An emerging creative medium, Drone Graffiti embodies the ethos of urban art while offering fresh means of expression with a new aesthetic in places normally physically out of reach for artists, as well as a way for the artwork to be immortalized forever on the blockchain.

Street art is far from static — and often ephemeral, a race against the clock before building walls are ripped down, or detailed murals are painted over by the city or frustrated landlords, where these impermanent works become nothing but a distant memory.  By leveraging core features of the æternity blockchain; public, decentralized, uncensored, transparent, distributed, these works of art can be archived and authenticated indefinitely, while making it accessible to a global audience.

Building the hardware and software needed for this groundbreaking project were æternity blockchain, Voliro AG, SPH Engineering, DRONEMASTERS and Mexico-based urban art legends All City Canvas, among others.

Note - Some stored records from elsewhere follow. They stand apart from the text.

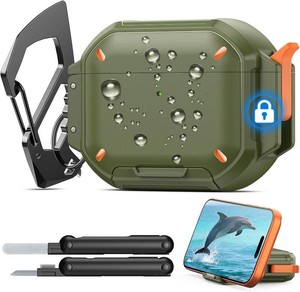 $26 MoKo for AirPods Pro 3 Case Cover with Lock, Waterproof, Green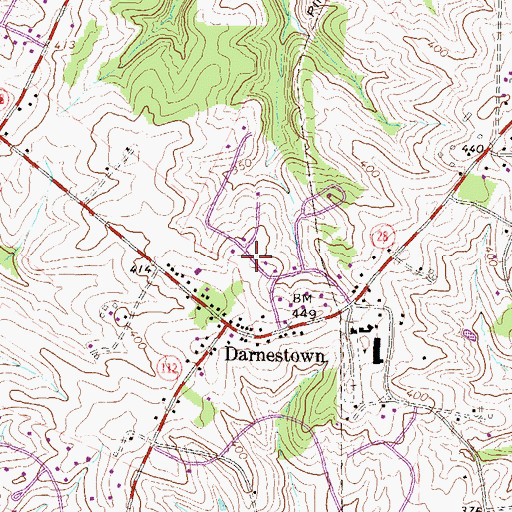 Topographic Map of Seneca Highlands, MD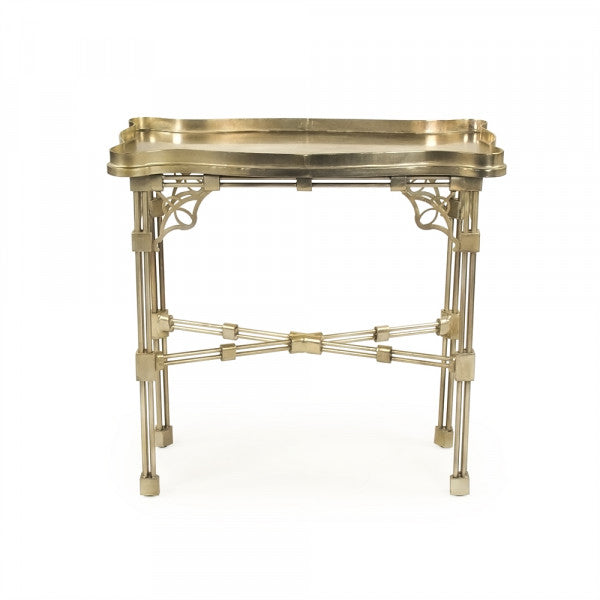 Zentique Garlen Metal Table Antique Gold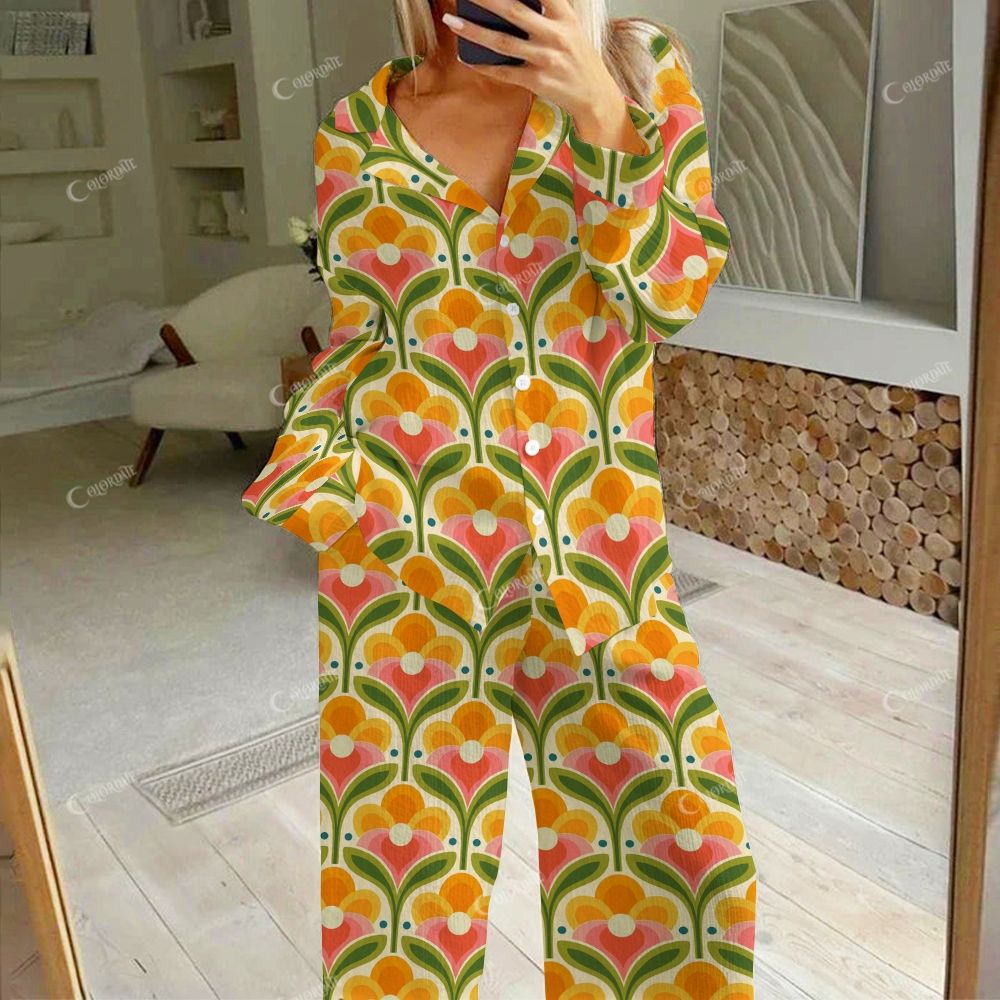 Colordate Women's Symmetrical Flowers Print Cotton Cardigan Homewear Set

æternity managed the process of having the blockchain linked to the drones, but having them modified to be able to paint literally anything submitted via an app was the work of SPH Engineering. “To enable a drone to become as the tool for graffiti artists is a technically challenging task, as the drone has to fly near to a wall and the flight path has to create a painting. Compared to other projects where drones are used for swarm management, professional research, or search and rescue operations – the Graffiti drone project provides the opportunity to be a part of a one-of-a-kind project where the technical management of the drone’s flight path has to create art,” said Janis Kuze, from SPH Engineering.